The lease, which encompasses the entire 7th floor, features an “efficient floorplate” with a mix of private offices and meeting spaces. The new offices will house 70 employees, including 32 attorneys.
Day Pitney has been at Canterbury Green at 201 Broad Street in downtown for the past 30 years.
By Maureen Funke
Director of Development, greenbox-is [an environmentally oriented interior space construction company]
Have you heard all the buzz about Opportunity Zones?

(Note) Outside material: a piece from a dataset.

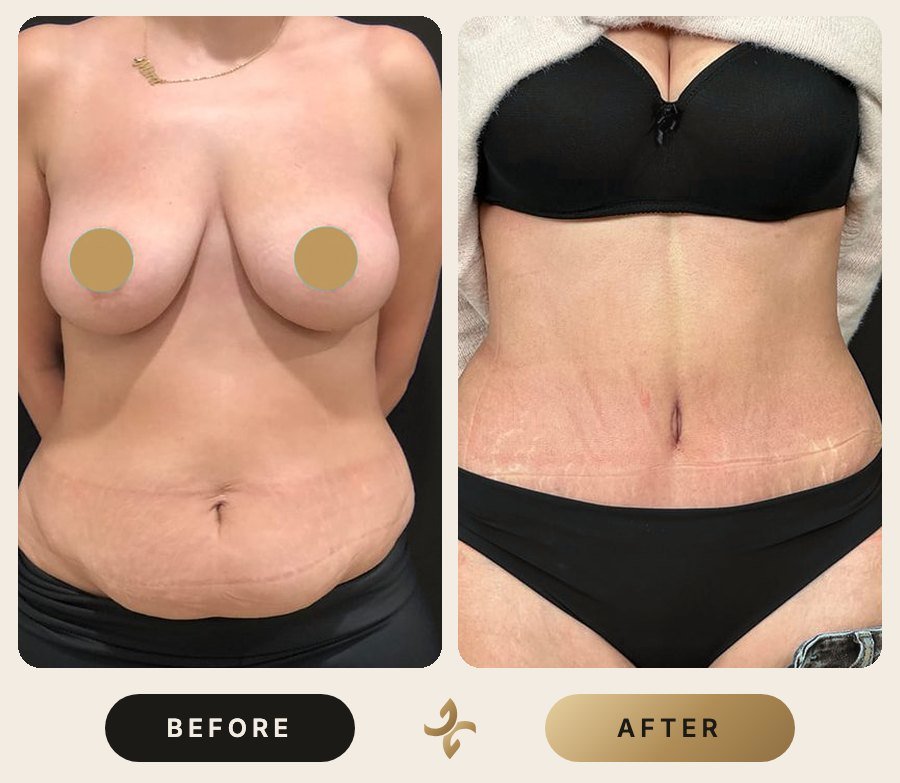 Karın Germe (Abdominoplasti) – önce ve sonra, hasta izniyle
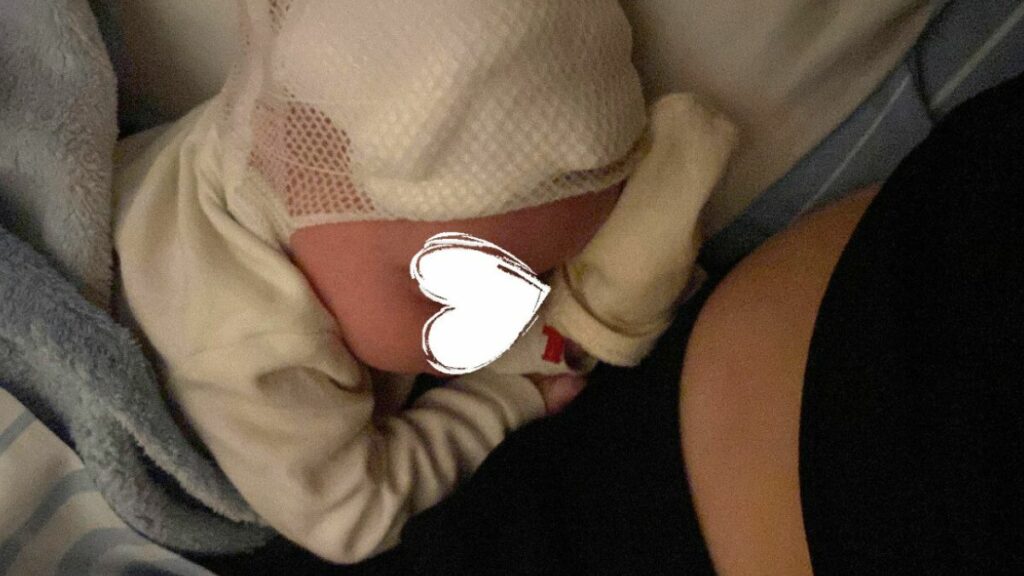 „Meine Tochter hat einen Wasserkopf und wir leben mit der Angst!“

Opportunity Zones are at the heart of what could become the nations’ largest economic development program! The initial reactions from economic development officials and involved parties across the state are promising. In summary, the 2017 Tax Cuts and Jobs Act established the federal “Opportunity Zones” (OZ) program, a new community development program designed to encourage long-term investments by providing favorable capital gains treatment for investors who support eligible projects in designated communities. The program is especially beneficial for long term investors… making it financially attractive for investors to focus on long term investments with a holistic community based approach.
CENTERBROOK Ben Mayne and Andrew Wait have been added to the architectural staff at Centerbrook Architects. Mayne joins fulltime following internships at the firm in each of the two previous summers. A second-generation designer, Mayne graduated this spring with a bachelor’s degree from Cornell University’s top-ranked architecture, art & planning program. He is originally from Suffield.
Wait comes to Centerbrook upon completion of bachelor’s and master’s degrees in architecture from Northeastern University. The Andover, Mass., native was a two-time participant in Northeastern’s co-op program, where he worked at LDa Architecture & Interiors and Prellwitz Chilinski Associates.